IN THE TIME OF VIRUS …

May 11, 2020

By Arthur H. Gunther III

thecolumnrule.com

     One of the things about staying home during the time of virus is that you have to escape. The walls can move in a bit, and suddenly the back yard where you never went except to mow the lawn becomes Central Park. But there are other places, too, if only in memory.

     Back in the day, as youth with not much money but with a one-speed, coaster-brake bicycle, or more often on foot, or later with an iffy-running car, there were many places to explore in what was then more country than suburbia. 

     First, there was the quiet of the road, a walk down Hickory over to the closed St. Vincent de Paul summer camp grounds that led to the old Erie branch to Mt. Ivy. Few cars were then about, and usually there was no one on the fields, in the marsh and at the pond. This was the view, too, of my father in his youth. What thoughts he had I cannot know, but all young, in their time, have to think and ponder in solitude. There is so much ahead, we hope.

     If you could muster the leg strength, a bike ride from Hillcrest through the Spring Valley downtown of some generations, past a former home, three old schools, up the Old Nyack Turnpike to Saddle River Road and back home through the Ukrainian and Polish neighborhoods near West Street was not only a challenge but a fortification of more than physical strength.
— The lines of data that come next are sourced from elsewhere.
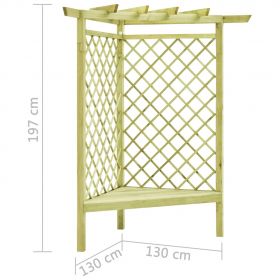 Pergola de colt cu bancheta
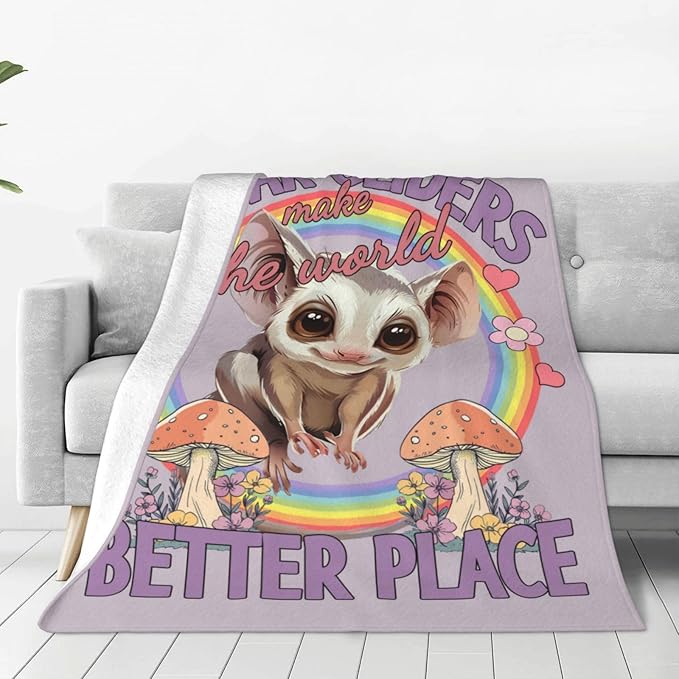 Sugar Glider Blanket Sugar Glider Throw Blanket Soft Fleece Flannel Petaurus Breviceps Gifts for Teens Lovers Stuff Plush for Couch Sofa Bed Room Decor 40"X50"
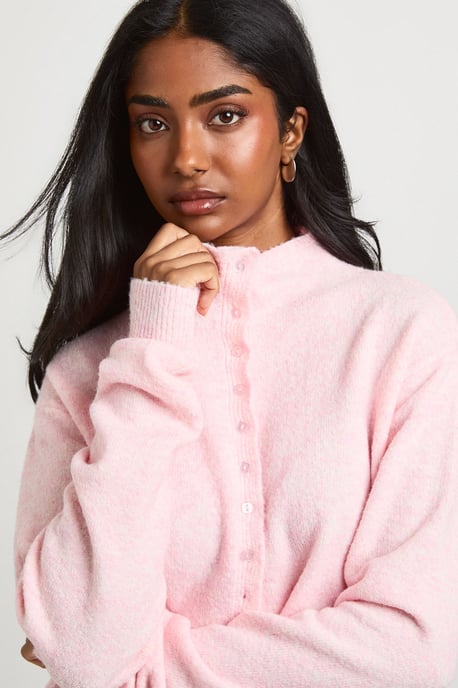 High Neck Button Through Cardigan - Image 4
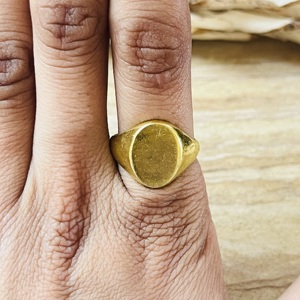 Classic Design Signet <b>Rings</b> Minimalist Brass Jewelry Men 18k Gold Plated <b>Blank</b> Smooth Band Custom Geometric <b>Ring</b> Wholesale/OEM - Product Image 3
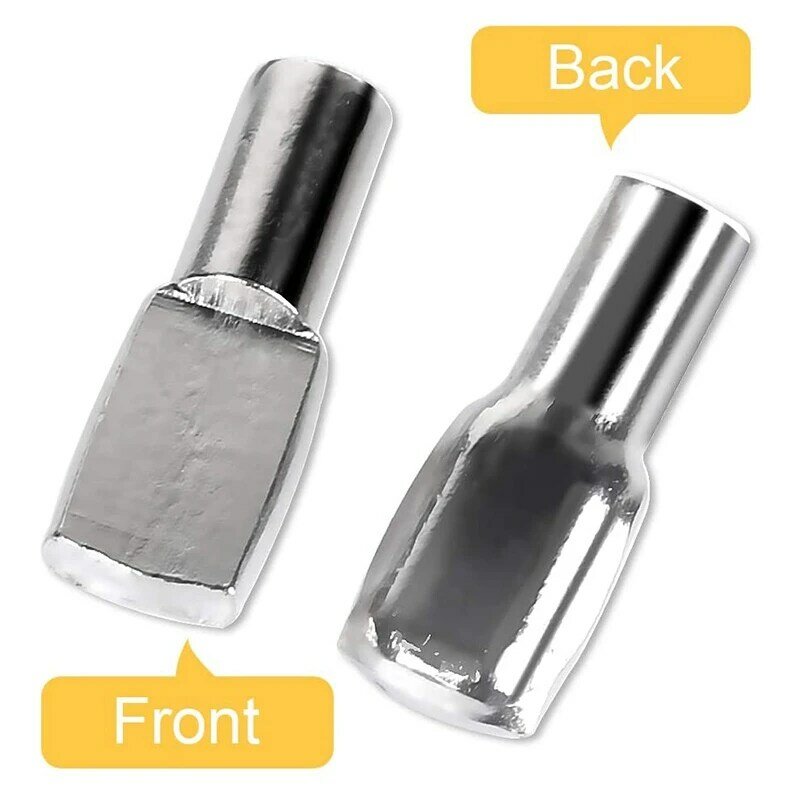 Metal Nickel Shelf Pins Spoon Shaped Cabinet Support Pegs Holder (200 Packs, 5Mm)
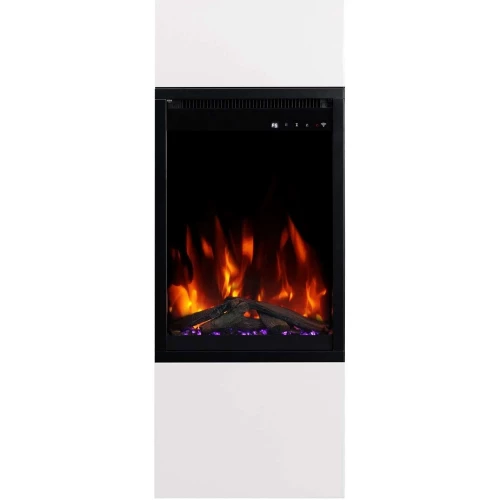Milano 40 Hvid Fritstående Elpejs – App-styret | Køb her Milano 40 fritstående elpejs i hvid med app-styring og LED-flammer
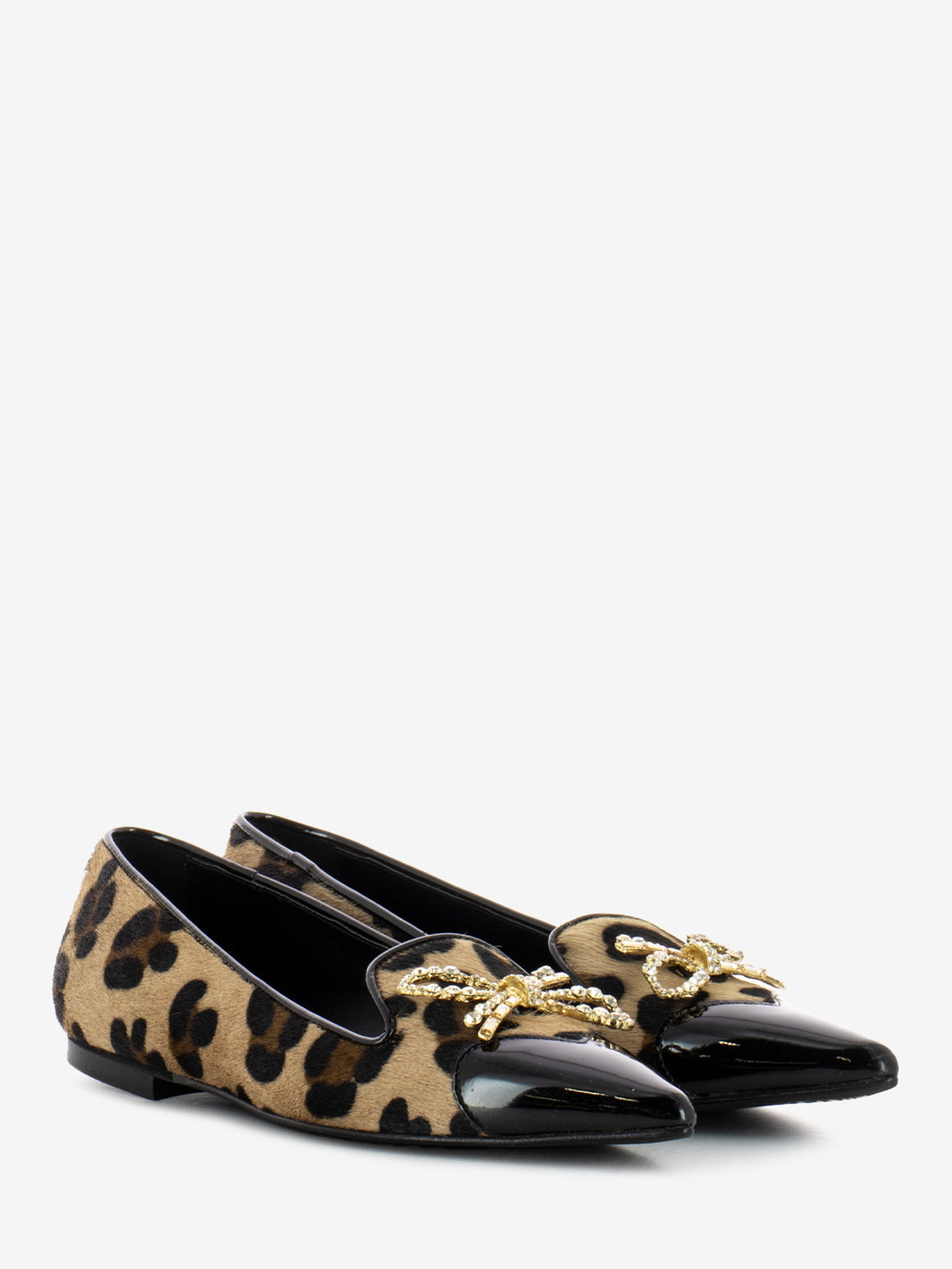 Animal print ponyskin ballerinas with black patent toe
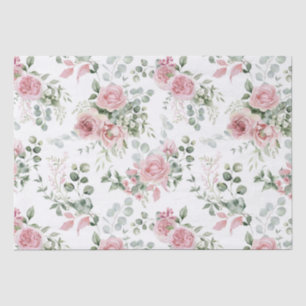 Papel De Seda Rosas rosadas y vegetación de eucalipto Shabby Chi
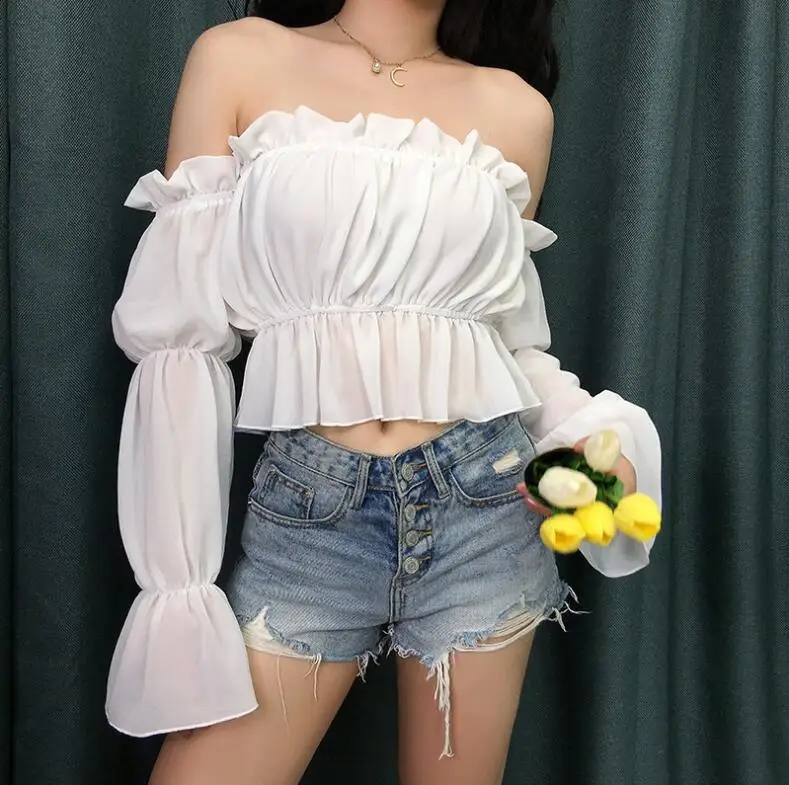 Женский топ из шифона летняя футболка с длинным рукавом и оборками | Женская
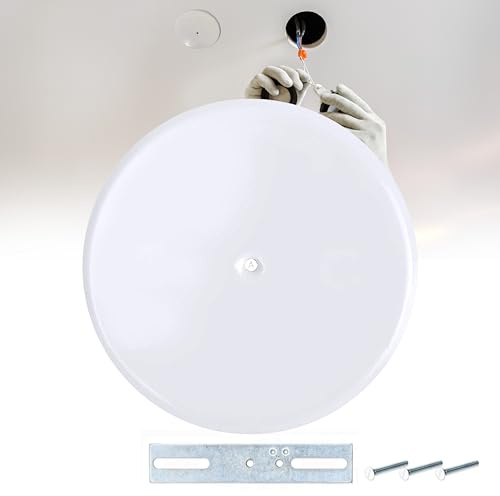 Airmont Products, 5-inch Ceiling Blank-Up Cover with Center Screw, Fits 3-1/4 to 4 Electric Box, Adjustable Bracket for Screw Hole Spacing 1.75 to 3.5, White Metal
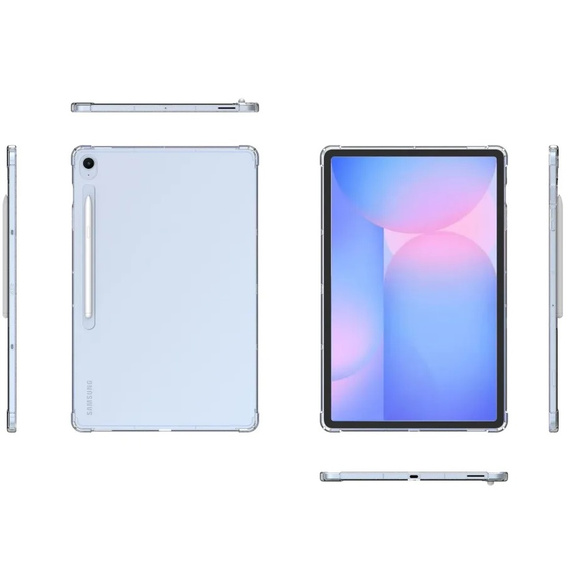 Etui do Samsung Galaxy Tab S10 FE+ Plus, Silikonowe, przezroczyste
This was a ride of emotion, too, because even younger years, with family, friends, school and varied haunts were re-visited as if watching an 8mm home movie. Reassuring for the coming journey.

     A few years later, the iffy jalopy started, you might have someone with you on the ride, say along a twisting, turning route. It could be South Mountain Road, with the 1700s Concklin orchards in early bloom, followed by the homes of artists, writers and thespians, then to a private lane leading to the Crosby Vineyards and the hike at High Tor.

     The summit always provided a seat for your thoughts. Did then, does now. You share the space with the fabled Dutch sailors lost off the Half Moon whose bowling is the thunder of the lower Hudson Valley. You also share space with your companion, proving that different directions can co-exist for the moment, and you will never forget.

     So, it is in the memories that you can, in the time of virus, leave the house, the apartment, the room.